At the original winding-up hearing on 20 March, Becchetti promised via letter to inject £1m to pay off creditors within 8 to 10 weeks. That was over 9 weeks ago, meaning he has just days remaining to fulfil that promise.
During those 9 weeks, with the exceptions of HMRC and (after unacceptable delay) the wages for March and April, there has been little or no improvement in the situation with respect to trade creditors being settled. In fact, we have had further creditors come forward to us for assistance in recovering sums due to them.
There is also the matter of the unpaid rent on Brisbane Road, with Barry Hearn stating over 10 days ago that action was about to be taken. The next wages bill is also due to be paid at the end of May.
Becchetti now faces a stark reality – he must sell the club within days, otherwise the situation at the club will get even worse.

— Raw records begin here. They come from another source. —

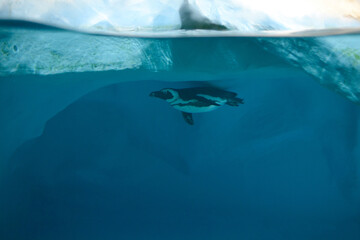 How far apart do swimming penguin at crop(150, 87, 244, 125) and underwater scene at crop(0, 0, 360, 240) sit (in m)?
0.01

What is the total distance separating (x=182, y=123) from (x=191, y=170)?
0.69 m

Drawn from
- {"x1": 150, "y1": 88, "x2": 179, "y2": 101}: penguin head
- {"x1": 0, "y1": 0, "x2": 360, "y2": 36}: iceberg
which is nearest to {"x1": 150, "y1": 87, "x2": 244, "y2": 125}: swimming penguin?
{"x1": 150, "y1": 88, "x2": 179, "y2": 101}: penguin head

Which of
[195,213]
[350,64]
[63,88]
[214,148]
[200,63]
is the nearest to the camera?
[350,64]

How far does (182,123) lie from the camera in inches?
167

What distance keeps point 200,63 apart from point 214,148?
1432mm

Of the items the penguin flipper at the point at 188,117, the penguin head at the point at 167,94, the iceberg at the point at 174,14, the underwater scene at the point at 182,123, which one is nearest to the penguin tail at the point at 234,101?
the underwater scene at the point at 182,123

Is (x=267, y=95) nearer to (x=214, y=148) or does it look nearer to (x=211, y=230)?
(x=214, y=148)

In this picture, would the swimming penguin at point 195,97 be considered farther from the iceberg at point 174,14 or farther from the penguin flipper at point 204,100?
the iceberg at point 174,14

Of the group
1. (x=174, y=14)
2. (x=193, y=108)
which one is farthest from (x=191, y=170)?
(x=174, y=14)

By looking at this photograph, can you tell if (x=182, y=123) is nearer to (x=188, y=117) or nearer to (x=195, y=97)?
(x=188, y=117)

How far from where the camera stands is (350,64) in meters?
2.94

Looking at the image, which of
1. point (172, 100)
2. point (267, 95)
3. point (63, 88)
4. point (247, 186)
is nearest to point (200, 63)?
point (172, 100)

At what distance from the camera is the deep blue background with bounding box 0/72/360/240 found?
416 centimetres

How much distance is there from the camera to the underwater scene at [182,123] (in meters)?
2.81
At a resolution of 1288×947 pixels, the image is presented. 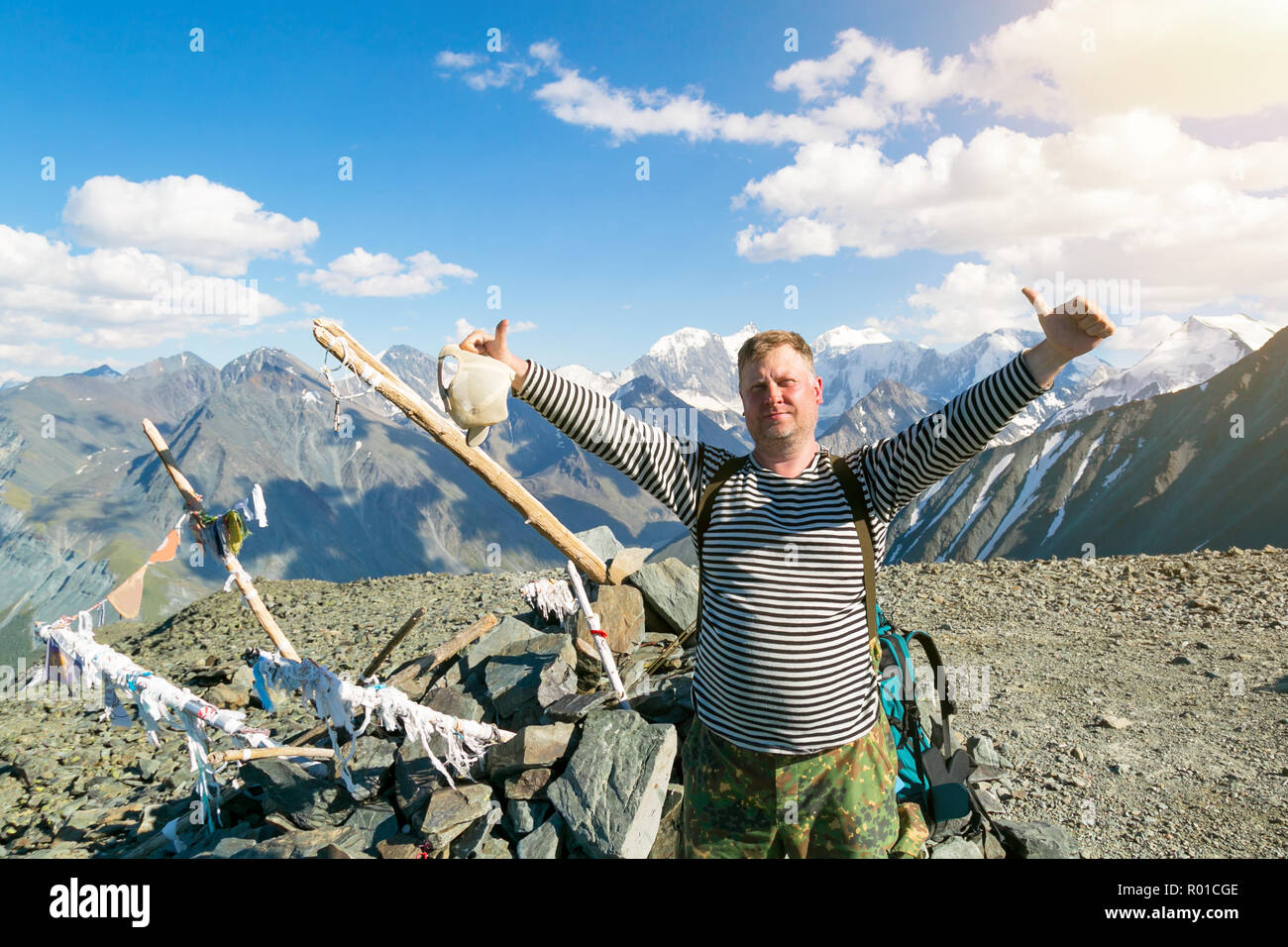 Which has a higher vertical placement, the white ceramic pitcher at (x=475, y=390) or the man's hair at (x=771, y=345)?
the man's hair at (x=771, y=345)

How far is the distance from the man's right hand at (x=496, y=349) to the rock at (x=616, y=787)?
4.08m

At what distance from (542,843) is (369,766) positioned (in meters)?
2.80

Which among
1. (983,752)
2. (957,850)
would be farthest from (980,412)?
(983,752)

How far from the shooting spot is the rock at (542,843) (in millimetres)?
5863

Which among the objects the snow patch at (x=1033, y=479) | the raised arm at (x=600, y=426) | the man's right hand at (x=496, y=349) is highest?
the man's right hand at (x=496, y=349)

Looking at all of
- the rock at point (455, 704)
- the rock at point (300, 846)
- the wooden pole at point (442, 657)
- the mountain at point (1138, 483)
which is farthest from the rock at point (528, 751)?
the mountain at point (1138, 483)

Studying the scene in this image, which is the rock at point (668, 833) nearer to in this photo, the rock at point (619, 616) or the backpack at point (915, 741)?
the backpack at point (915, 741)

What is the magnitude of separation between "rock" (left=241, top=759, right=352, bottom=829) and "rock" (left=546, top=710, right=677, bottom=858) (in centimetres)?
271

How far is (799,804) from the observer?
3.31m

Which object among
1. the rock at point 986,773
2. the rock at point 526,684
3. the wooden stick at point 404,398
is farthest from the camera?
the rock at point 526,684

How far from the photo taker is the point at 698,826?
346cm

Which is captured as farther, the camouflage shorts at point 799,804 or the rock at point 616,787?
the rock at point 616,787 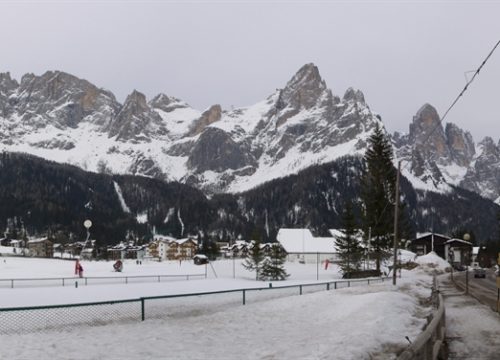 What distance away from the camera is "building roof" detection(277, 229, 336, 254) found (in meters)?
113

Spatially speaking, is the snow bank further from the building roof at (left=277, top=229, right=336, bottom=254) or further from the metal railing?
the metal railing

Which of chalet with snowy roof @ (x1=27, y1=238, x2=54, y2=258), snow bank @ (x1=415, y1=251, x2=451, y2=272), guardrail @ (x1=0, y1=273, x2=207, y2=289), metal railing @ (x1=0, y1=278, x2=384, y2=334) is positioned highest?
metal railing @ (x1=0, y1=278, x2=384, y2=334)

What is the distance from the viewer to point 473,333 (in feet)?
55.5

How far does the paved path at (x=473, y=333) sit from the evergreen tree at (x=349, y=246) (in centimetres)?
3401

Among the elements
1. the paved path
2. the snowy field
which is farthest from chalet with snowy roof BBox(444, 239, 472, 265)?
the snowy field

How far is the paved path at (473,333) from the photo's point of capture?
1392cm

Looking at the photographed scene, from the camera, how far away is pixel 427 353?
10.4 metres

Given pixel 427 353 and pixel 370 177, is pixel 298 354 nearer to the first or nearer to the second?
pixel 427 353

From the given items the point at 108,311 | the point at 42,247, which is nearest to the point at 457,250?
the point at 108,311

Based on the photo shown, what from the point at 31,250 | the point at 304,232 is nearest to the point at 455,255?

If serious bidders for the club are being frustrated in their attempts to complete a purchase, this potentially leaves the club in the invidious position whereby on 12 June, the creditor position is worse, promises made by the owner to pay the creditors remain unfulfilled, yet potential bidders that could save the club would be unable to take a position to pay the creditors.
This would potentially leave the court with no option but to order the winding up of the club.
In view of this, as a last resort, in the event that the club is not in new hands by the hearing on 12 June, LOFT will make an application on that date for administration.
The Regeneration Fund is now in a position whereby LOFT could afford to pay administrators, and given that, in our judgement, there is at least one serious buyer, we will have no hesitation in using our standing with the court that comes from Powers of Attorney from creditors and shareholders to make this application, in order that the club's liquidation is averted.
This course of action is desperate and very much a last resort. It raises the prospect of a points deduction and a variety of potential sanctions from the National League. Indeed, it could shape the club’s future for many years to come.
However, LOFT’s board is united and unanimous that administration would be preferable to both the current paralysis at the club, and to the alternative of liquidation and having to reform as a phoenix club; an option that, while we are prepared for it, remains very much the scenario of last resort.
In an administration, we would also look to use our position to work with the administrator to undertake a full investigation into the financial management of the club over the last three years. In the event that any evidence of negligence or wrongdoing were to come to light, we would seek recourse to the full extent of the law.
Leyton Orient can only move forwards as a football club once a change of club ownership takes place and it is entirely right that we should attempt to seek an end to the current situation for the club’s fans, creditors, minority shareholders, and other stakeholders.
It is clearly in everyone’s best interest that a deal is completed before the hearing on 12 June and we call on all concerned to conclude that deal properly and swiftly.